My life in Germany consisted of much more than my research. Living in Germany was a lot different than I imagined. Despite my degree in German, I often found it difficult to express myself. I stumbled over words and felt unable to convey my sense of humor across the language barrier. I did, however, make others laugh. One time, I even unknowingly changed one tiny word in a common sentence: instead of saying I needed to use the restroom, I said I needed to crawl into the commode!
Every day presented a new opportunity to better understand differences in how people see the world while also finding commonalities. In Germany, I met many people with notions about America that had been formed from movies, TV, and news reports.
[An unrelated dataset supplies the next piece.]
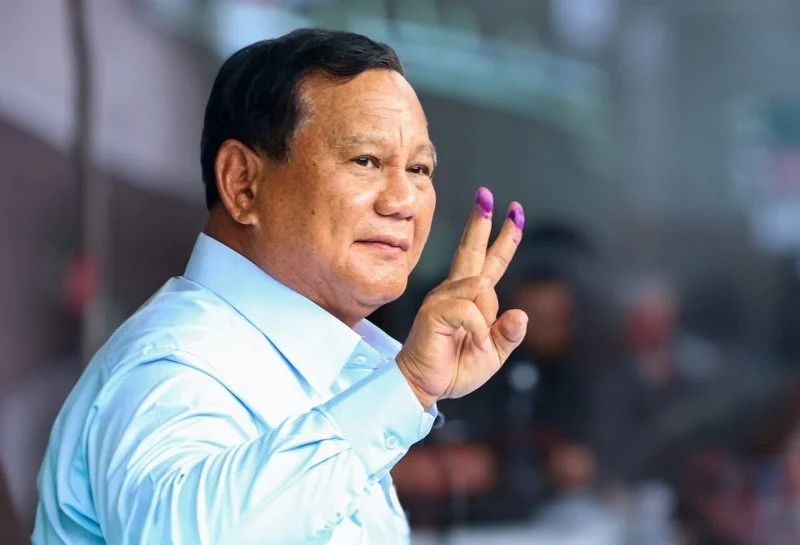 Indonesia's president Prabowo Subianto gives a speech during a campaign rally in Jakarta, Indonesia on February 10, 2024. - Photo by Anadolu Images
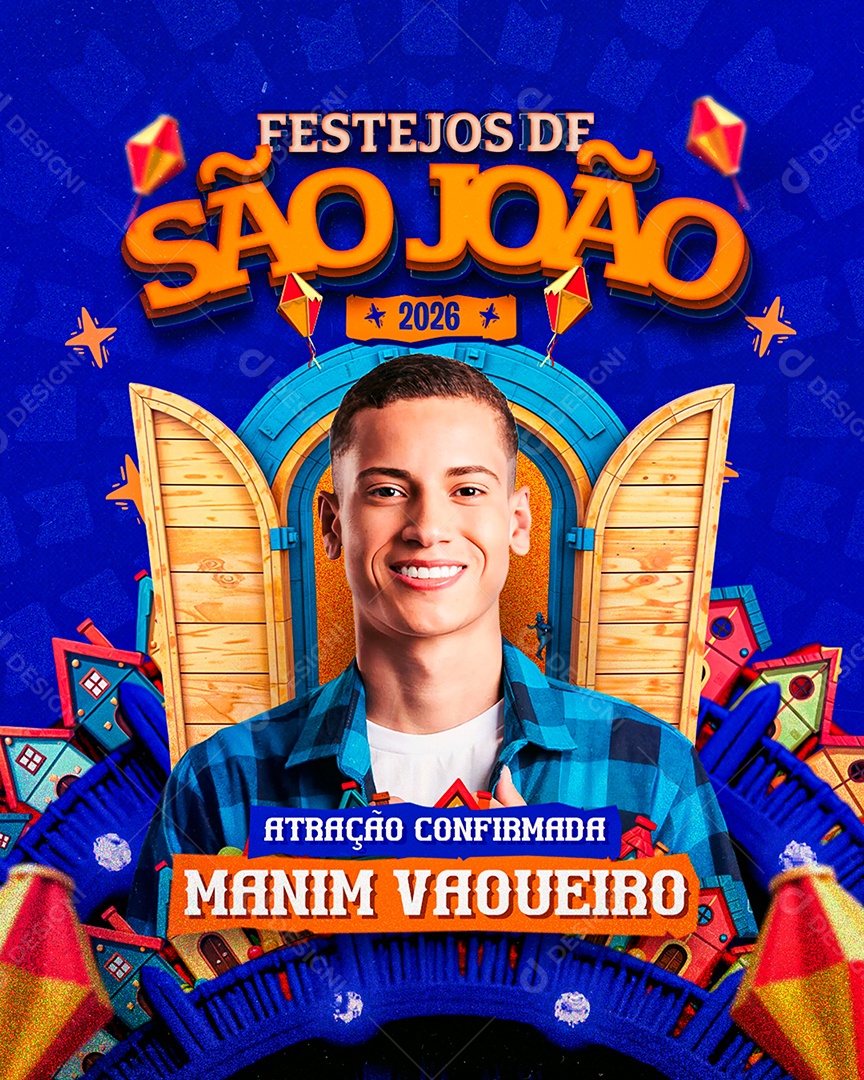 Flyer Festejos de São João Manin Vaqueiro Social Media PSD Editável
I discussed many aspects of American religion, politics, daily life, and personal relationship with the people I met, including how and what Americans eat. These discussions were very valuable to me because they helped me understand more fully what it means to be an American and allowed me to learn about German values and culture. In the end, I left Germany with a better understanding of myself as an American but also with a firmer conviction that I am first and foremost a citizen of this world. Several German friends of mine were also challenged in their opinion of America and are now planning to come visit me in the United States.
The year before I began my Fulbright grant, I never expected to be conducting medical research abroad – not to mention going skiing for the first time, spending days hiking in the Alps, and cooking a 30-pound turkey for people who had never experienced American Thanksgiving before! My university’s Fulbright Program Adviser (FPA) told me about the Fulbright Program and spent a lot of time answering many questions and helping me through the application process. My best advice for aspiring Fulbright applicants is to meet with your campus FPA as soon as you can, even if you don’t plan to apply for several years. Gathering as much information about the Fulbright as you can in advance, will help you have an established goal to work towards and will make you a more informed applicant.
I also recommend speaking with your professors about more than just coursework. Ask them about the opportunities they have had in their academic journey and what advice they have for you. Seek out advice from everyone you respect and let them help you. My family and professors took the time to read drafts of my personal statement and to make suggestions for improvements. People who knew me well were able to provide suggestions on how I could better express myself. I was pleasantly surprised by how many people were willing to help me when I sought out their advice. Family, professors, and your campus FPA can be invaluable resources – just ask them!